TASK PROMPT.
Write out again, exactly as they stand, the line that includes "Carrington Shirt - Silver Circles" and all remaining lines of the entries.

- - - - -

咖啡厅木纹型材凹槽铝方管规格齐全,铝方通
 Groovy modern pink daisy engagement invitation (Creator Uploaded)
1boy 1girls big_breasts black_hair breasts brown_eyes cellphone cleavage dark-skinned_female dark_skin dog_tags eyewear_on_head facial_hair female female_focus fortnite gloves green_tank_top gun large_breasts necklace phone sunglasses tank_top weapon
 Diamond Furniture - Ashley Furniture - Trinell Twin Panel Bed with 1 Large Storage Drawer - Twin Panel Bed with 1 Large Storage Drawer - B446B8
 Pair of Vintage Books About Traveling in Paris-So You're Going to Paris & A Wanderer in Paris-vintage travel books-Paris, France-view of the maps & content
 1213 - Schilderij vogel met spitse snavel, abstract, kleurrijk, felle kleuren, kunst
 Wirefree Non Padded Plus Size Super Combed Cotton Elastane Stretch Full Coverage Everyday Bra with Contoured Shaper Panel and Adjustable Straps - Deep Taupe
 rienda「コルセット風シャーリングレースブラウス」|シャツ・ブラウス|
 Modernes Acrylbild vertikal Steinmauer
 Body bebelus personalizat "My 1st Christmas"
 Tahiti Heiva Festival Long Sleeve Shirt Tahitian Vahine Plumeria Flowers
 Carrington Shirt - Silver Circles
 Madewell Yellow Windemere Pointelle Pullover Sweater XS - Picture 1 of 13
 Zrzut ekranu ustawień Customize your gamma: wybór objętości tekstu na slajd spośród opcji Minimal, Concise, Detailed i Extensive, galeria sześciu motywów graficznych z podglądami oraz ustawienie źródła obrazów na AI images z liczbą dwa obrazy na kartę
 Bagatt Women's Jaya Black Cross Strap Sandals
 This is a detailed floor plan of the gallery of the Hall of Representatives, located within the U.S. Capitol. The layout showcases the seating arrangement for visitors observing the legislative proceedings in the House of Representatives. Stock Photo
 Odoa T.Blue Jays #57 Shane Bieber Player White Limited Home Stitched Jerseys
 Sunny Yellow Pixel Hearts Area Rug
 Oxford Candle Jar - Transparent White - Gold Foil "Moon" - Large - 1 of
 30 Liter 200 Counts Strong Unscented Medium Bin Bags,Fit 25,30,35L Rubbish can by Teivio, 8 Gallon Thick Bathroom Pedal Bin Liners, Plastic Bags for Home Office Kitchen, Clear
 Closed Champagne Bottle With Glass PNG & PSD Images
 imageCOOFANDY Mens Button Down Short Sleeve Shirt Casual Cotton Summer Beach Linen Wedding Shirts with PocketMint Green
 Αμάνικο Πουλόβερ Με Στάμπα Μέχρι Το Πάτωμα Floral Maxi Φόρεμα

- - - - -

FINISHED EXERCISE.
 Carrington Shirt - Silver Circles
 Madewell Yellow Windemere Pointelle Pullover Sweater XS - Picture 1 of 13
 Zrzut ekranu ustawień Customize your gamma: wybór objętości tekstu na slajd spośród opcji Minimal, Concise, Detailed i Extensive, galeria sześciu motywów graficznych z podglądami oraz ustawienie źródła obrazów na AI images z liczbą dwa obrazy na kartę
 Bagatt Women's Jaya Black Cross Strap Sandals
 This is a detailed floor plan of the gallery of the Hall of Representatives, located within the U.S. Capitol. The layout showcases the seating arrangement for visitors observing the legislative proceedings in the House of Representatives. Stock Photo
 Odoa T.Blue Jays #57 Shane Bieber Player White Limited Home Stitched Jerseys
 Sunny Yellow Pixel Hearts Area Rug
 Oxford Candle Jar - Transparent White - Gold Foil "Moon" - Large - 1 of
 30 Liter 200 Counts Strong Unscented Medium Bin Bags,Fit 25,30,35L Rubbish can by Teivio, 8 Gallon Thick Bathroom Pedal Bin Liners, Plastic Bags for Home Office Kitchen, Clear
 Closed Champagne Bottle With Glass PNG & PSD Images
 imageCOOFANDY Mens Button Down Short Sleeve Shirt Casual Cotton Summer Beach Linen Wedding Shirts with PocketMint Green
 Αμάνικο Πουλόβερ Με Στάμπα Μέχρι Το Πάτωμα Floral Maxi Φόρεμα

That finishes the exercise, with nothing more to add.